Source material →
---
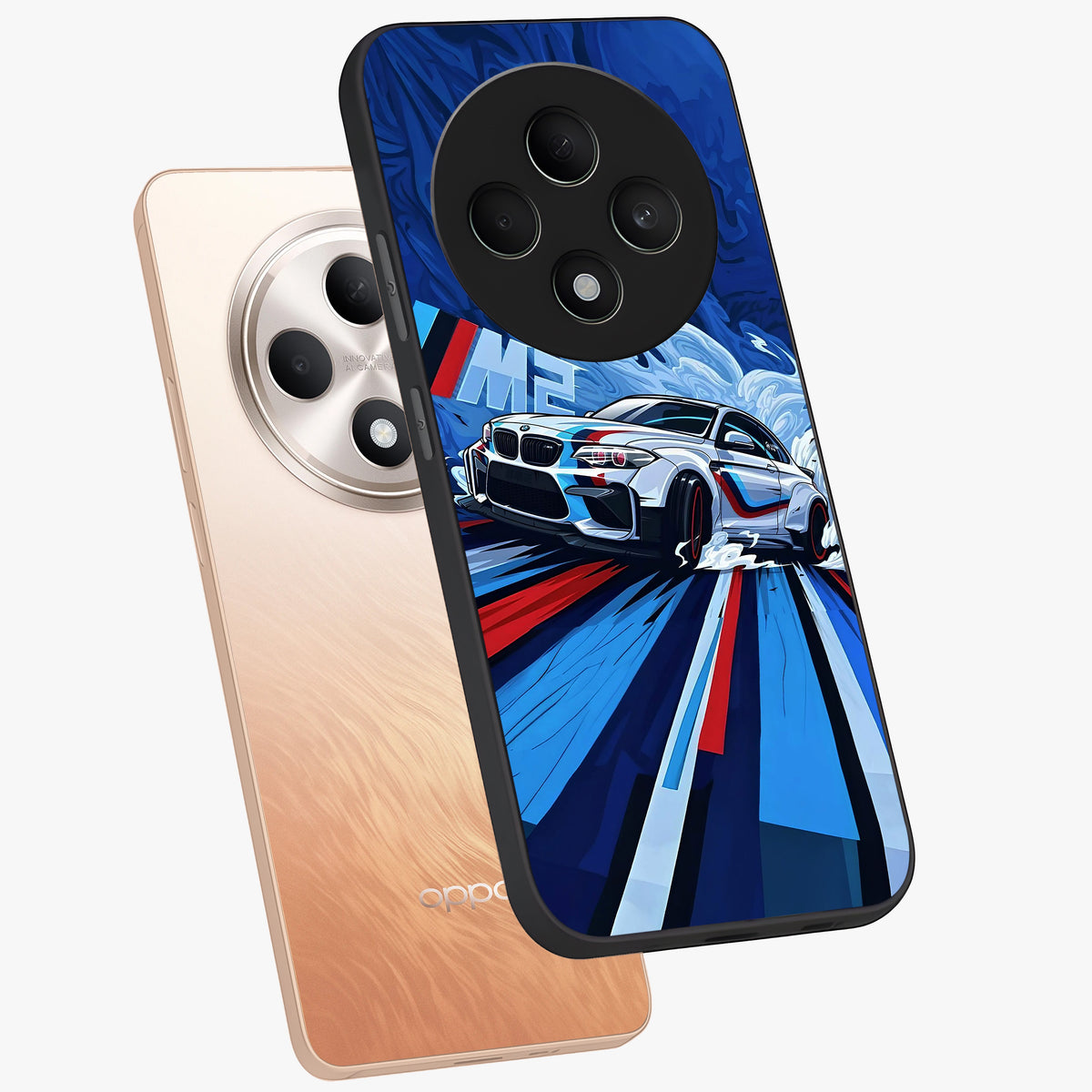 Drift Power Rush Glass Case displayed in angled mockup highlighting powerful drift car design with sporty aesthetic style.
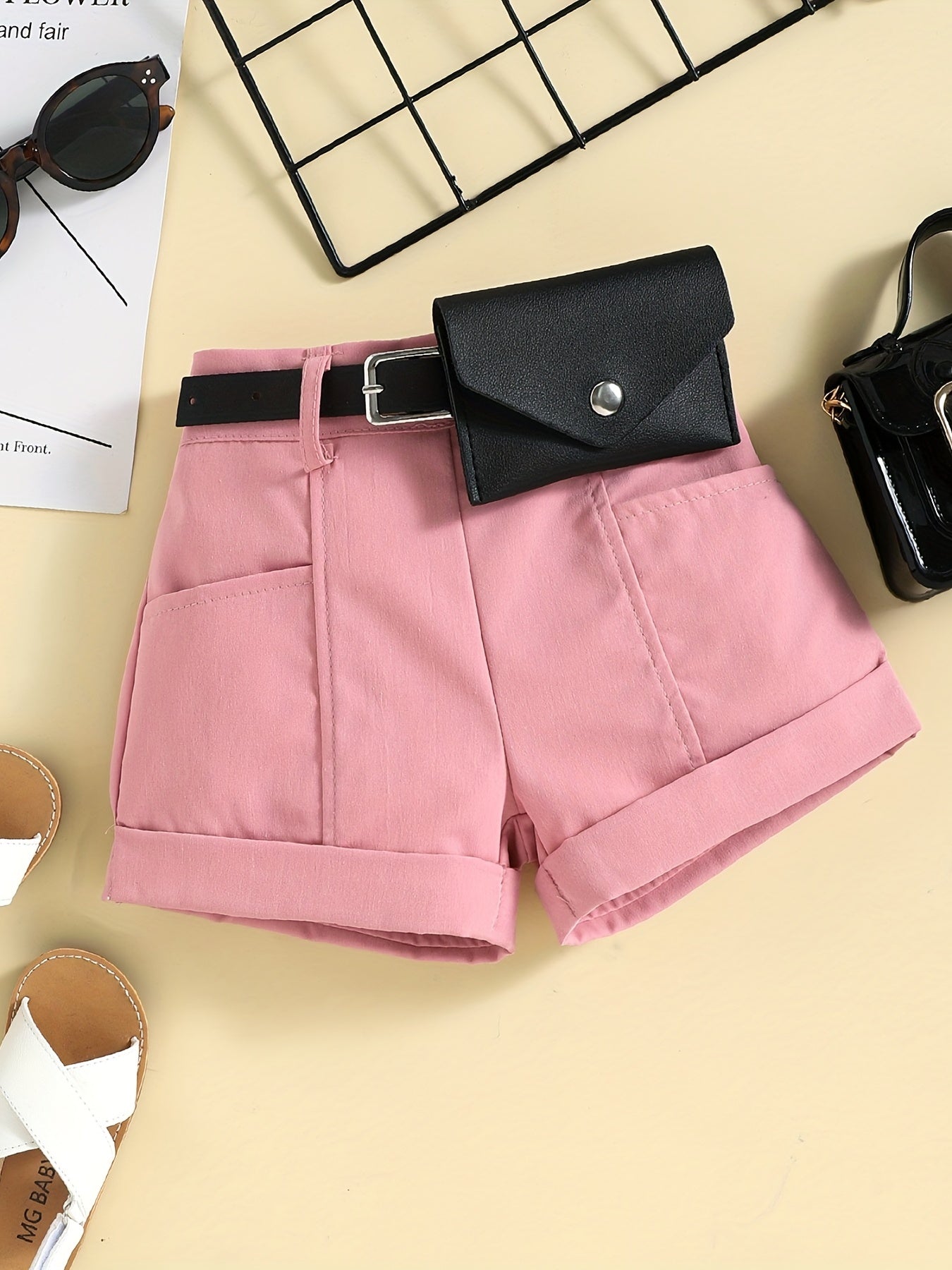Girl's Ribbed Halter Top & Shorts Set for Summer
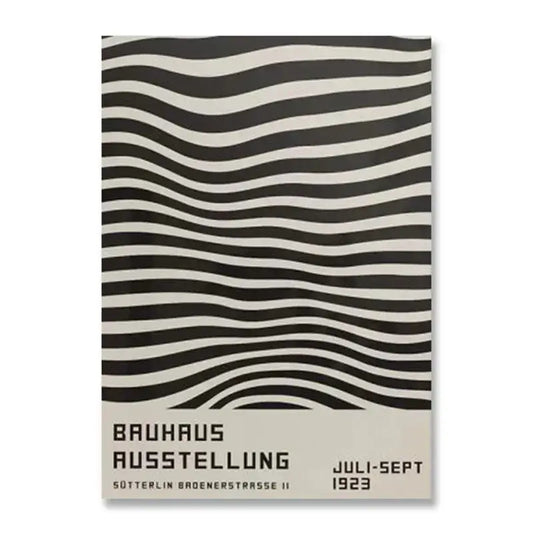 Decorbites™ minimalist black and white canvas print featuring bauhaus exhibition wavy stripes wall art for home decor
---
Exercise → Where the line containing "Girl's Ribbed Halter" appears, begin writing out the lines exactly, and continue through the end of the material above, omitting pictures.

Exercise answer →
Girl's Ribbed Halter Top & Shorts Set for Summer
 Decorbites™ minimalist black and white canvas print featuring bauhaus exhibition wavy stripes wall art for home decor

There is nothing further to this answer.